From images of fake anti-Ukraine billboards to posts showing bogus graffiti against Ukraine’s leader, pro-Russian online disinformation is targeting Western backing after two years of war.
Fact-checkers from Agence France-Presse (AFP) have debunked false content that is intended to support or encourage the idea of a growing public fatigue in Europe and the US.
These campaigns can often take aim at already combustible topics such as migration or political affiliations — topics that could further heat up as June’s EU elections approach.
The disinformation efforts “create the idea that European and American money is being sent unnecessarily,” said Valentin Chatelet, research associate for Atlantic Council’s Digital Analysis Laboratory (DFRLab).
“There is always a desire to torpedo negotiations ... especially with Western players, because they are the main financial backers and arms suppliers,” Chatelet said.
EU leaders early this month overcame months of opposition from Hungarian Prime Minister Viktor Orban to agree on 50 billion euros (US$53.9 billion) of aid for Ukraine, in a move they hailed as a strong message to Russia.
Across the Atlantic, fresh funding for Ukraine from its biggest backer has become snared in domestic US politics in an election year.
The disinformation aims to “erode European support for Ukraine ... maligning and scapegoating Ukrainian refugees,” US-based political researcher Elina Treyger said.
Specifically, the campaigns highlight the economic and energy fallout on Europeans of the war sanctions against Russia, Treyger added.
Pro-Russian disinformation is most effective when it builds on existing and divisive issues such as immigration and purchasing power, experts say.
“The most successful narratives are the ones that tap into something that’s already an issue, it’s much harder to build from scratch,” Treyger said.
“By multiplying the content so much, you’ll inevitably hit your target,” said Jakub Kalensky, a deputy director at the European Centre of Excellence for Combating Hybrid Threats (Hybrid CoE).
When the war in Ukraine began, for example, the Middle East and Africa were targeted with tailor-made narratives based on anti-US, anti-Western and anti-colonial sentiments, IAE Paris associate professor Christine Dugoin-Clement said.
Another tactic is to divert journalists with information overload.

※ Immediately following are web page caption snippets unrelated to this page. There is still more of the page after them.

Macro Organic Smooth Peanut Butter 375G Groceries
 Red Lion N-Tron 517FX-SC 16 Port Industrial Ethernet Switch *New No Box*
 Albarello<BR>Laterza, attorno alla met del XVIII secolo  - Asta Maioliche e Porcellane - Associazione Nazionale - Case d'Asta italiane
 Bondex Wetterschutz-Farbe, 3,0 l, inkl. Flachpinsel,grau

One campaign, the so-called “Operation Matryoshka,” has aimed to keep journalists busy by spreading fake anti-Ukraine news and then challenging Western media to verify it.
Another extensive operation, the “Doppelganger” operation, which was attributed to Russia by French intelligence, uses visuals that mimic Western media.
The widespread use of pro-Russian disinformation has also affected elections in Europe, with fear mounting ahead of the European Parliament’s June elections.
“There will be disinformation operations on Ukraine [and] on a whole host of current European issues to promote a conservative or nationalist agenda,” Chatelet said.
From December last year onward, a vast “pro-Russian disinformation campaign” in Germany created more than 50,000 fake X accounts (formerly Twitter) to stir up anger about the country’s support for Ukraine, Der Spiegel reported.
The Russian Ministry of Defense claimed it has “eliminated” about 60 fighters, mainly “French mercenaries,” in a strike in northeastern Ukraine’s Kharkiv last month.
In the wake of these accusations, several lists, including one claiming to reveal the identity of about 30 “dead French mercenaries,” were broadcast by Telegram channels and pro-Kremlin activists. French volunteers in Ukraine denied the allegations, three of them directly to AFP.